U.S Code last checked for updates: Oct 16, 2024
§ 80a–7.
Transactions by unregistered investment companies
(a)
Prohibition of transactions in interstate commerce by companies
No investment company organized or otherwise created under the laws of the United States or of a State and having a board of directors, unless registered under section 80a–8 of this title, shall directly or indirectly—
(1)
offer for sale, sell, or deliver after sale, by the use of the mails or any means or instrumentality of interstate commerce, any security or any interest in a security, whether the issuer of such security is such investment company or another person; or offer for sale, sell, or deliver after sale any such security or interest, having reason to believe that such security or interest will be made the subject of a public offering by use of the mails or any means or instrumentality of interstate commerce;
(2)
purchase, redeem, retire, or otherwise acquire or attempt to acquire, by use of the mails or any means or instrumentality of interstate commerce, any security or any interest in a security, whether the issuer of such security is such investment company or another person;
(3)
control any investment company which does any of the acts enumerated in paragraphs (1) and (2) of this subsection;
(4)
engage in any business in interstate commerce; or
(5)
control any company which is engaged in any business in interstate commerce.

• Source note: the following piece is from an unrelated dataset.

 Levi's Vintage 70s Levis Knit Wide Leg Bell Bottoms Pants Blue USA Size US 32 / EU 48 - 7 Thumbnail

The provisions of this subsection shall not apply to transactions of an investment company which are merely incidental to its dissolution.
(b)
Prohibition of transactions in interstate commerce by depositors or trustees of companies
No depositor or trustee of or underwriter for any investment company, organized or otherwise created under the laws of the United States or of a State and not having a board of directors, unless such company is registered under section 80a–8 of this title or exempt under section 80a–6 of this title, shall directly or indirectly—
(1)
offer for sale, sell, or deliver after sale, by use of the mails or any means or instrumentality of interstate commerce, any security or any interest in a security of which such company is the issuer; or offer for sale, sell, or deliver after sale any such security or interest, having reason to believe that such security or interest will be made the subject of a public offering by use of the mails or any means or instrumentality of interstate commerce;
(2)
purchase, redeem, or otherwise acquire or attempt to acquire, by use of the mails or any means or instrumentality of interstate commerce, any security or any interest in a security of which such company is the issuer; or
(3)
sell or purchase for the account of such company, by use of the mails or any means or instrumentality of interstate commerce, any security or interest in a security, by whomever issued.
The provisions of this subsection shall not apply to transactions which are merely incidental to the dissolution of an investment company.
(c)
Prohibition of transactions in interstate commerce by promoters of proposed investment companies
(d)
Prohibition of transactions in interstate commerce by companies not organized under laws of the United States or a State; exceptions
(e)
Disclosure by exempt charitable organizations
(Aug. 22, 1940, ch. 686, title I, § 7, 54 Stat. 802; Pub. L. 104–62, § 2(b), Dec. 8, 1995, 109 Stat. 683.)